The undersigned submits the following formal recommendation to the Ministry of Magic:
Proposal One (Dissolution of Slytherin House) must be withdrawn immediately. The proposal is founded on selective moral accounting — the judgment of one house by standards the Ministry has never applied to the others. This is not reform. It is the bureaucratic application of prejudice. Slytherin House has produced both the most dangerous Dark wizards in living memory and the most courageous defenders of the wizarding world. Its name is not a verdict. It is a tradition, and it deserves the same presumption of legitimacy that every other house has enjoyed without question.
Proposal Two (Common Curriculum) may be supported, provided the houses remain central to the student experience at all times. There is merit in allowing the Sorting Hat more time to observe. But the houses are not an addendum to the education — they are its skeleton. Any curriculum must be built around that skeleton, not in place of it.
Proposal Three (Opt-In Assignment) must be rejected.
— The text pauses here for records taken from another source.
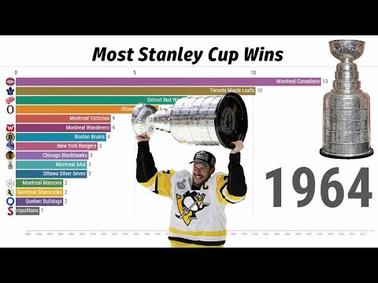 Quirks of the Stanley Cup: Examining the evolution and oddities of hockey's  Holy Grail - The Athletic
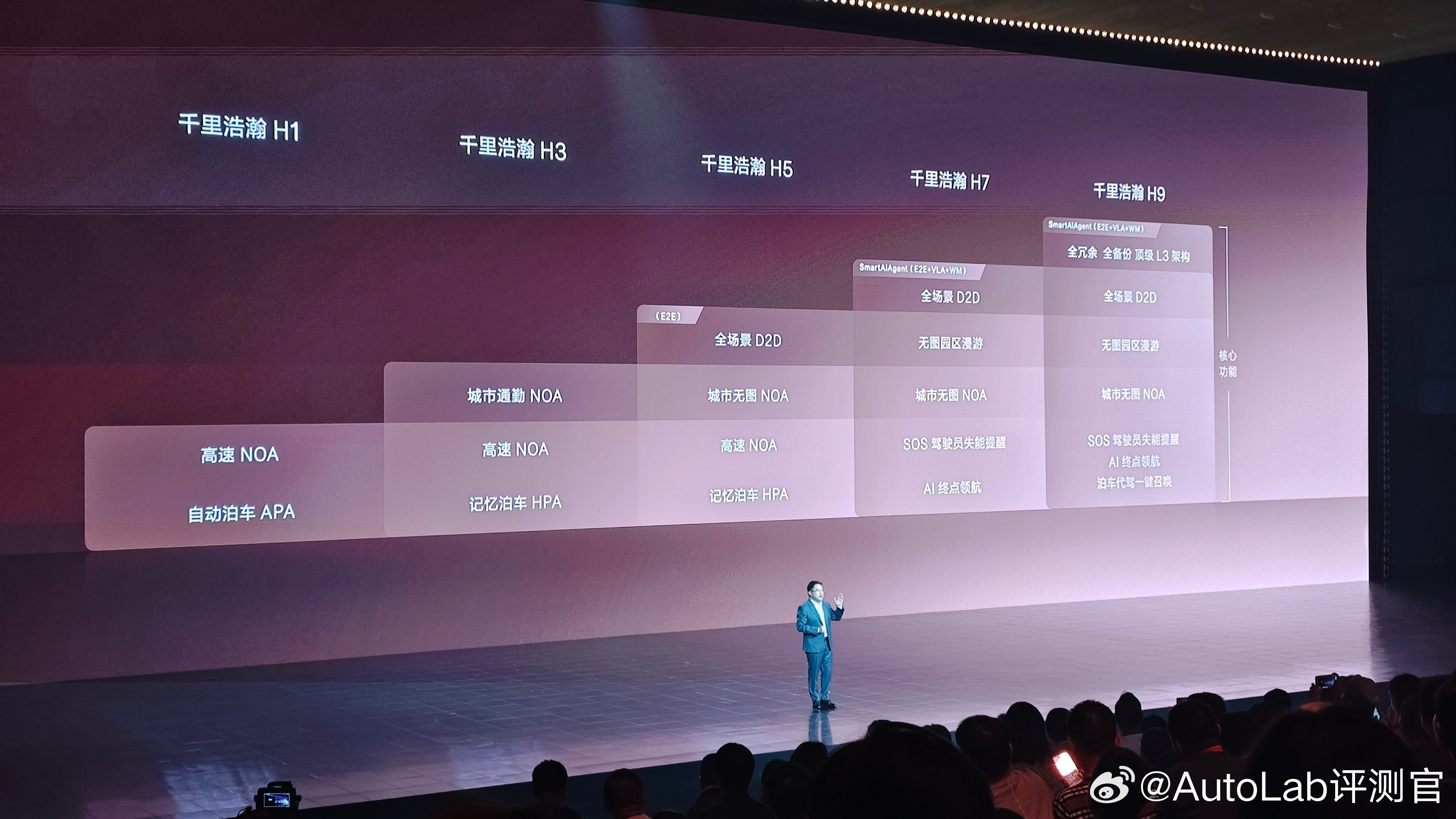 极氪9X来了，共四个版本，售价46.59-59.99万元，看上去贵，实际也是一点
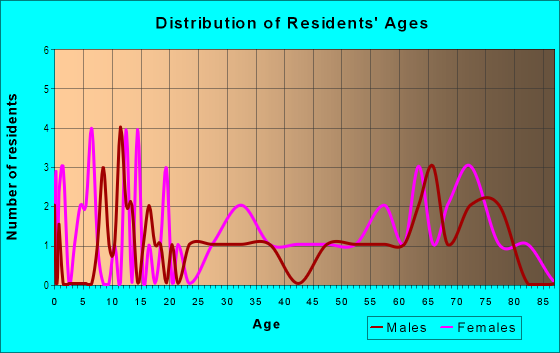 Age and Sex of Residents in Foxhaven in Winter Haven, FL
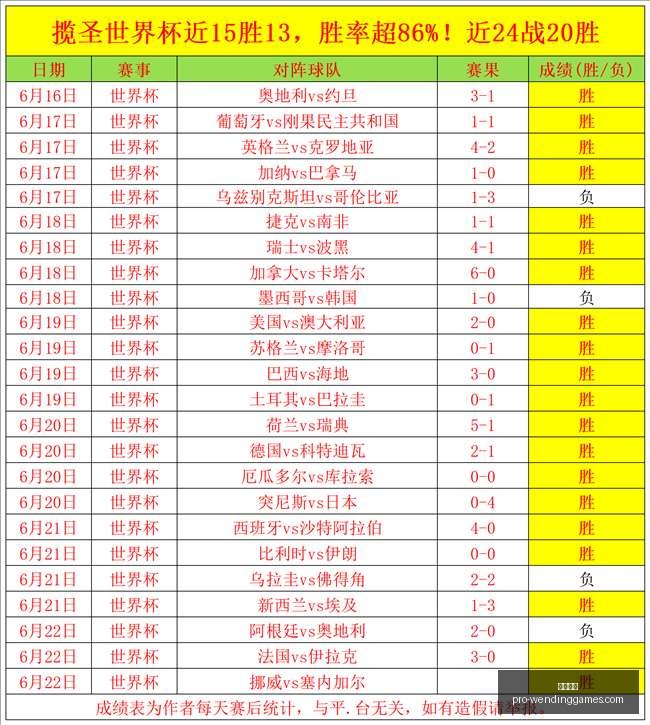 天战绩解析,自由主场霸,主遭遇数据,问鼎娱乐官网,问鼎娱乐下载,问鼎娱乐App,问鼎娱乐中心,问鼎娱乐互动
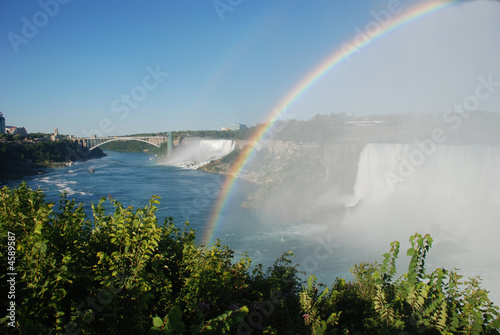 Rainbow on Niagara falls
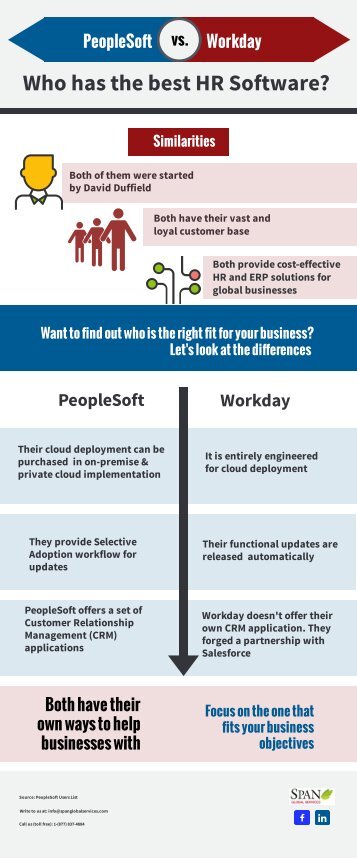 Peoplesoft  VS Workday 2018
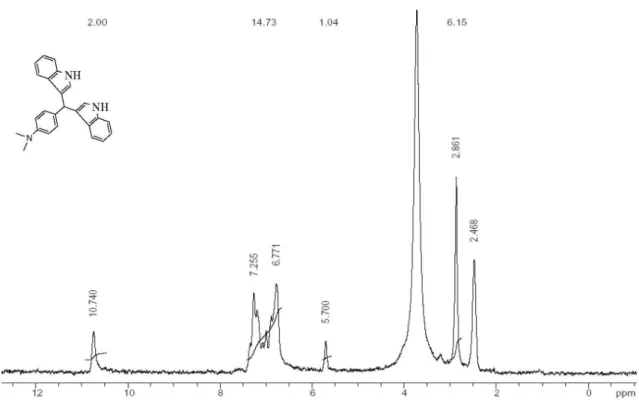 Figure S4.  1 H NMR (CDCl 3 ) spectrum of compound (a).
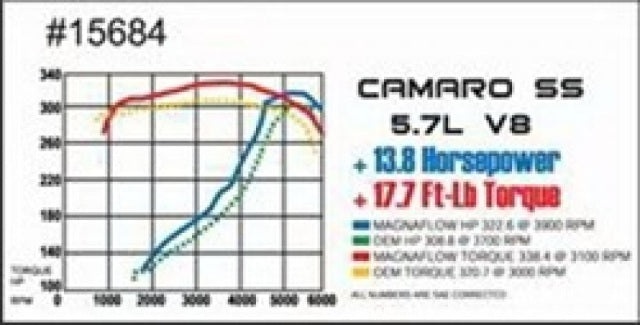 1998-2002 Chevrolet Camaro System Street Cat-Back 15684 Magnaflow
The Sorting is not a choice to be deferred. It is a magical assessment that serves the child, not the bureaucracy. To make it optional is to treat the child as a customer and the house as a product. This is a Muggle framework applied to a magical institution, and it is wrong on every level — philosophically, educationally, and practically.
The overarching principle is simple: Hogwarts is a magical institution with a magical foundation. Its house system is not a social experiment awaiting revision. It is a living tradition, tested over a thousand years, and the Ministry's role is to protect that tradition from the kind of short-sighted reform that mistakes erasure for progress.
Proposal One is an erasure. Proposal Three is a surrender. Proposal Two, properly constrained, is the only one worth considering.
The Ministry should proceed accordingly.